みなさん、こんにちは。
「カムカム・シンセサイザー」のKAMINです。
今回は「KORG opsixのプリセット分析: 035 Comb Dulcimer」と題して、2つの同じオペレーター構成(Y字接続)を使用したプリセット・プログラム「035 Comb Dulcimer」のパラメーターを分析します。
新たな進化を遂げたKORGのFMシンセサイザー、opsixとopsix native。

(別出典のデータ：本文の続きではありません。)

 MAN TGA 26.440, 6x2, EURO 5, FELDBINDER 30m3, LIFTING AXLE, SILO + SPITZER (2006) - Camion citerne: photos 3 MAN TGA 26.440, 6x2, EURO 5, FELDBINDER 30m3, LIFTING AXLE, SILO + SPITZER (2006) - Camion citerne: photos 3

このブログでは、その魅力を細かく音と画像で詳しく説明していきます。
音の特徴
弦の音を強調したピアノの音です。
周りに障害物があるところにマイクを置いたような残響感です。
2つの同じオペレーター構成(Y字接続)を使用しています。
モジュレーター側はFIXED(固定周波数)を設定し、キャリアのMODE: EFFECT: COMB FILTERでピッチに連動して音程が発生するといった、マニアックな音作りがされています。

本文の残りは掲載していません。